Lá vai... Daí a nada a tenaz das suas mãos e o peso do seu joelho passavam guia ao moribundo.
Entrava, atravessava impávido e silencioso a multidão que há três dias, na sala, esperava impaciente o último alento do agonizante, metia-se pelo quarto dentro, fechava a porta, e pouco depois saia com uma paz no rosto pelo menos igual à que tinha deixado ao morto. Os de fora olhavam-no ao mesmo tempo com terror e gratidão. Às vezes, uma voz ou outra, depois do pesadelo, levantava-se do fundo da consciência e protestava; mas no dia seguinte acontecia ser essa mesma voz que no alto do Destelhado, sobrepondo-se à força do vento, o reclamava.
- Tio Alma-Grande! ó Tio Alma-Grande! - Lá vai... E aparecia à porta logo a seguir. Quando a hora do Isaac chegou, foi um filho, o Abel, que trepou a ladeira. O garoto vinha excitado, do movimento desusado de casa, da maneira estranha como a mãe o mandara chamar o Tio Alma-Grande, e da ventania.
- Que tem o teu pai, rapaz?
O pequeno olhou fixamente a cara seca do abafador.
- Febre... - Bem, vamos então lá...
- E que é que o Tio Alma-Grande lhe vai fazer?

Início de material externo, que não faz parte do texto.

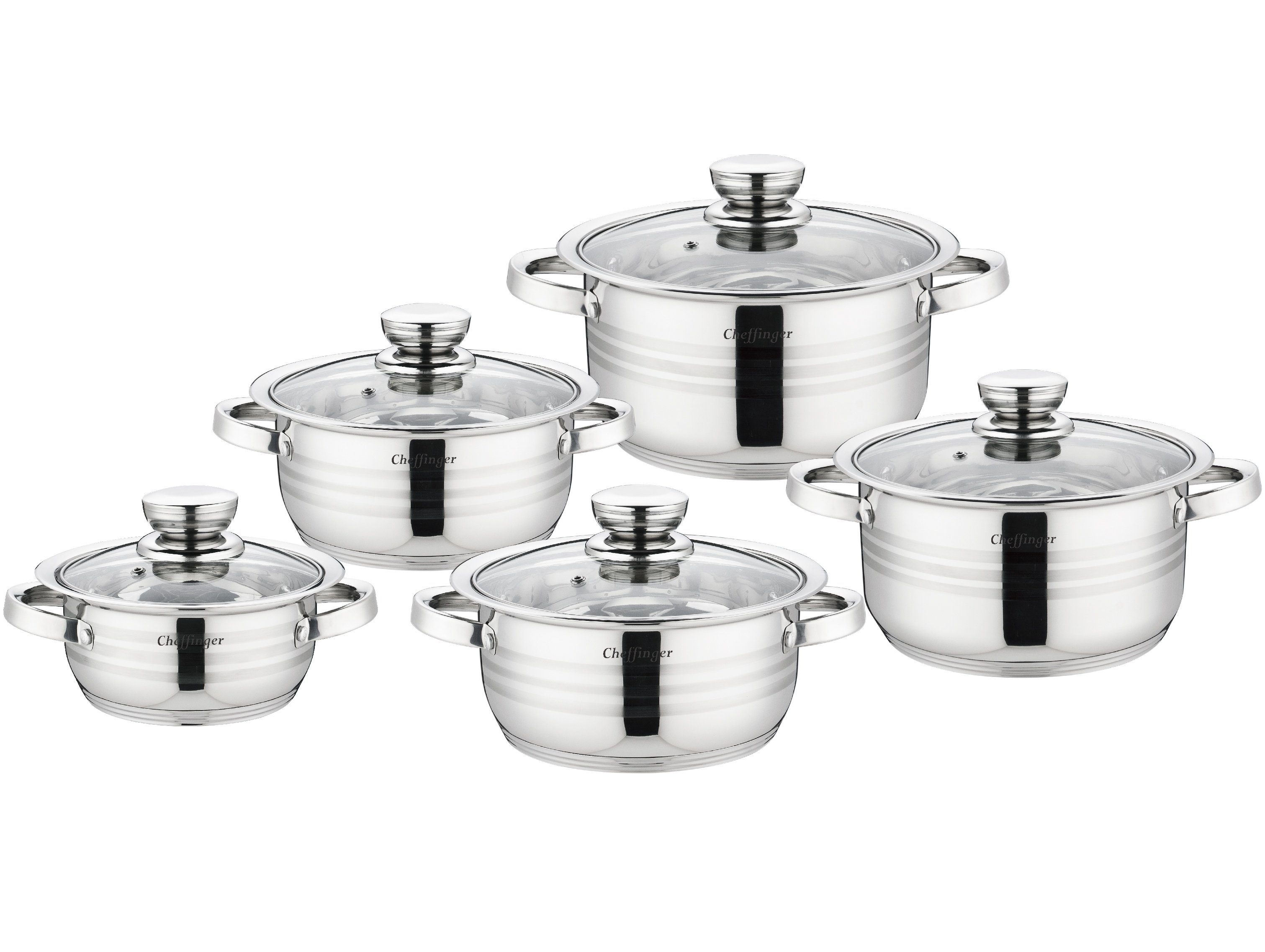Cheffinger Topf-Set Kochtopf Kasserolle Topf Set mit Glasdeckel 10-tlg Edelstahl, Material: Edelstahl, Glas (Topfset bestehend aus 5 Töpfen und 5 Deckeln)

- Vê-lo... Pela rua abaixo só o vento falava. Rouco de tanto bradar, monocórdico, persistente, era nele que tinha expressão a intimidade de ambos: um, o pequeno, nervoso, inquieto, a braços com pressentimentos confusos, que se recusavam a sair-lhe do pensamento; o outro, o velho, a aceitar aquele destino de abreviar a morte como um rio aceita o seu movimento.
Em casa havia lágrimas desde a soleira da porta. Mas a entrada do Alma-Grande secou tudo. Atrás dos seus passos lentos e pesados pelo corredor ficava uma angústia calada, com a respiração suspensa.
- O que é que ele lhe vai fazer? - perguntou de novo o Abel, agora à mãe, quando a porta do quarto se fechou.
A Lia respondeu ao filho com duas lágrimas silenciosas pela cara abaixo.
Lá dentro, colado à cama que a transpiração alagava, o Isaac parecia ter chegado ao fim. Branco, com dois olhos perdidos no fundo da cara, opresso, como que só esperava a ordem de largar a vela. Tinha adoecido havia quinze dias. Um febrão tal que o Dr. Samuel desanimou. Veio, tornou a vir, e acabou por aconselhar que tratassem do caixão. Mas o Isaac era cedro do Líbano, rijo, no cerne. Depois desse desengano ainda o mal o roeu seis dias sem o comer. E sempre de olhinho vivo. Gemia, gemia, finava-se, mas com aquelas duas contas de azeviche a reluzir. Acabou, contudo, por lhe pousar no rosto uma sombra estranha; e a mulher, a Lia, abriu mão da esperança. Dois dias mais, e como na sala a D. Rosa lembrasse a confissãozinha, um irmão do Isaac, o Daniel, chegou-se à cunhada e deixou cair, entre duas palavras de consolo, o nome do Alma-Grande. A Lia, a princípio, reagiu quanto pôde. Mas a perspetiva do padre João a entrar-lhe pela casa dentro venceu-a Mal rompeu a manhã, com uma voz que fez medo ao filho, mandou-o chamar o abafador.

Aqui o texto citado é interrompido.